One of the challenges with big data in the biological and medical sciences is dealing with the inconsistencies in collecting and reporting. A literature-based database developed at Carnegie Mellon University, described as a ‘Wikipedia’ for neurones, could help researchers to understand neuronal diversity, one of the bigger big data problems in health and disease. The research was published in the Journal of Physiology.
There are around 300 different types of neurones, all with different physical and functional properties, and there is decades’ worth of data collected about these billions of neurones, in tens of thousands of papers in the scientific literature. However, it is difficult to use this biophysical data to characterise the features and roles because of the way it is collected and organised. The Carnegie Mellon team’s NeuroElectro database has been populated with more than 10,000 published papers that contain physiological data describing how neurones responded to various inputs. The researchers used text mining algorithms to find the portions of each paper that identify the type of neurone studied and then isolate the electrophysiological data related to the properties of that neuronal type. The algorithms can also retrieve information about how each of the experiments in the literature was completed, and correct the data to account for any differences that might be caused by the format of the experiment.

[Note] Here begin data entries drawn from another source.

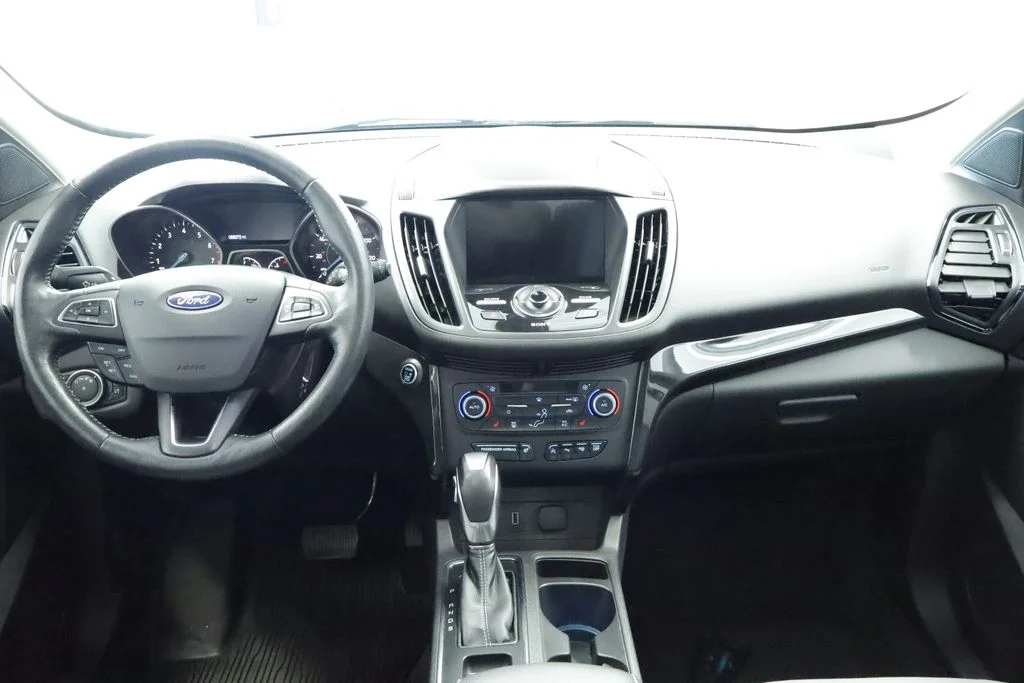 Certified Used 2019 Black Ford Titanium image 23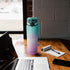 Opard 30oz/32oz Sports Water Bottle with BPA Free Tritan, Leak Proof Flip Top Lid, Reusable Plastic for Gym and Outdoor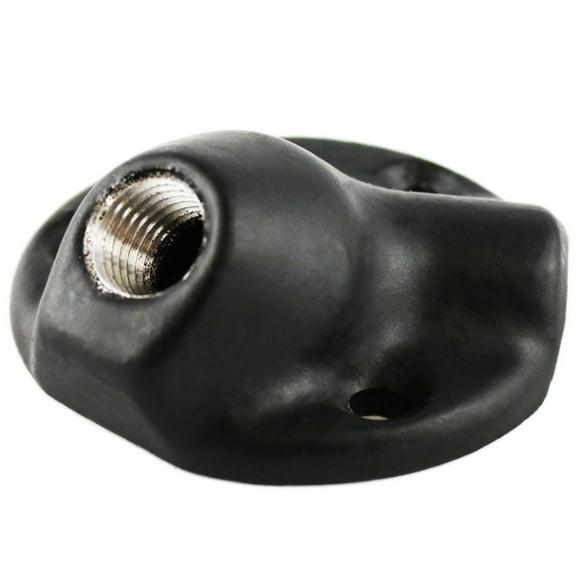 RAM-B-232-45U RAM Mounts 45-Degree 1/4" NPT Threaded Hole with Round Base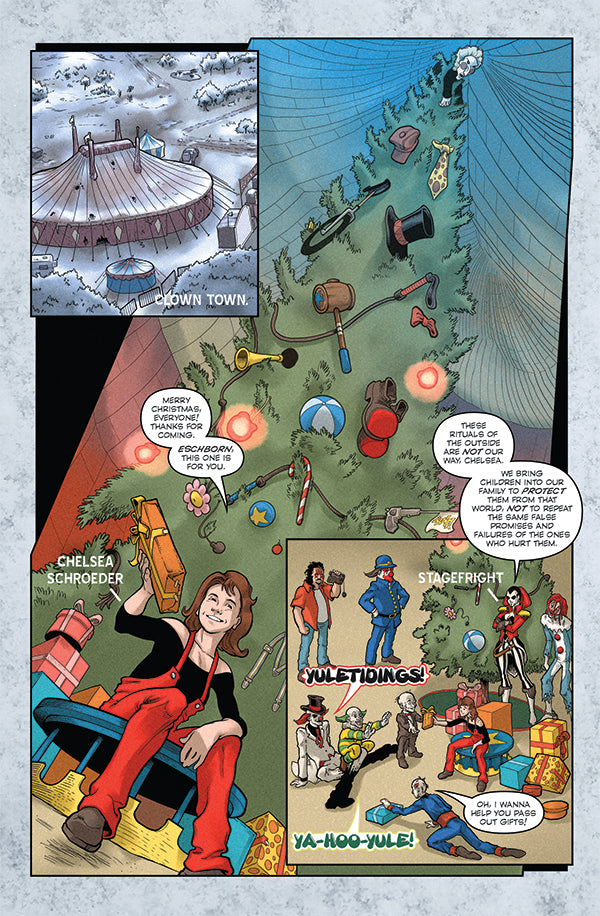 Vicious Circus Christmas Special 2021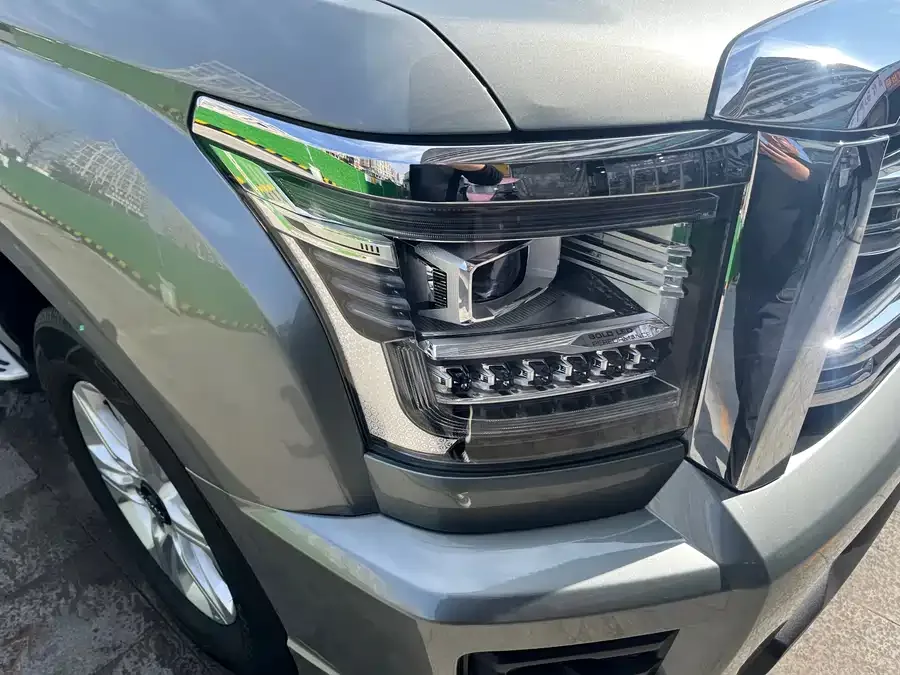 Haval H5 Haval H5 2023 2.0T automatic four-wheel drive leading diesel 2023 — миниатюра 2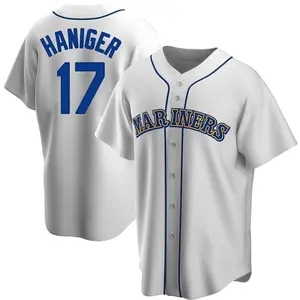 Mitch Haniger Seattle Mariners Replica Home Cooperstown Collection Jersey - White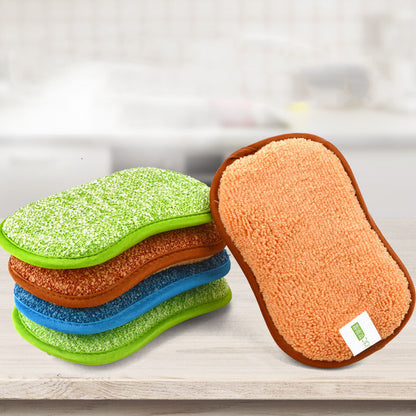 Dishwashing sponge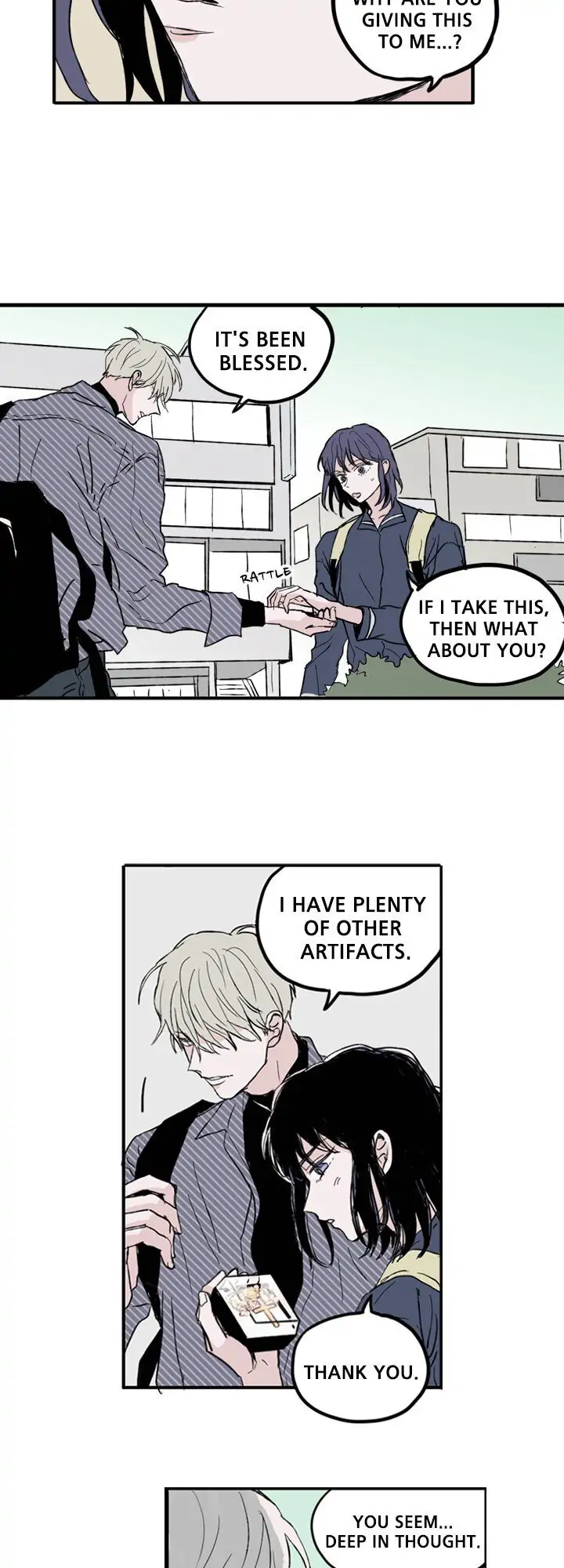 Things I Don’t Know About You Chapter 28 - page 12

“If we want to think about building a brain or re-engineering the brain, we need to know what parts we’re working with,” said Nathan Urban, director of Carnegie Mellon’s BrainHubSM neuroscience initiative. “We know a lot about neurones in some areas of the brain, but very little about neurones in others. To accelerate our understanding of neurones and their functions, we need to be able to easily determine whether what we already know about some neurones can be applied to others we know less about.”
To demonstrate potential uses for the database, the team compared the electrophysiological data from more than 30 neurone types. They found that the biggest variables came from experimental conditions such as electrode types, recording temperatures, or animal age, and if this was corrected for, then a substantial degree of the biophysical variability seen within neurone types was normalised, showing that electrophysiological data were more reproducible across labs than previously thought.
The researchers were able to divide the neurone types in the brain into six to nine super-classes, which include intuitive clusters, such as fast-spiking basket cells, as well as previously unrecognized clusters, including a novel class of cortical and olfactory bulb interneurones that exhibit persistent activity at theta-band frequencies.
NeuroElectro, which is a publically-available database and website for organizing information on the cellular neurophysiology of different neurone types, was created by Urban team at Carnegie Mellon University and is developed and maintained by Shreejoy Tripathy at the University of British Columbia (previously in Urban’s lab) and Richard Gerkin at Arizona State University. This centralised resource, covering around 100 different neurones, will help researchers to collect and compare data on neuronal function. While the team have validated much of the data, they also allow site users to flag data for further evaluation, and contribute new data.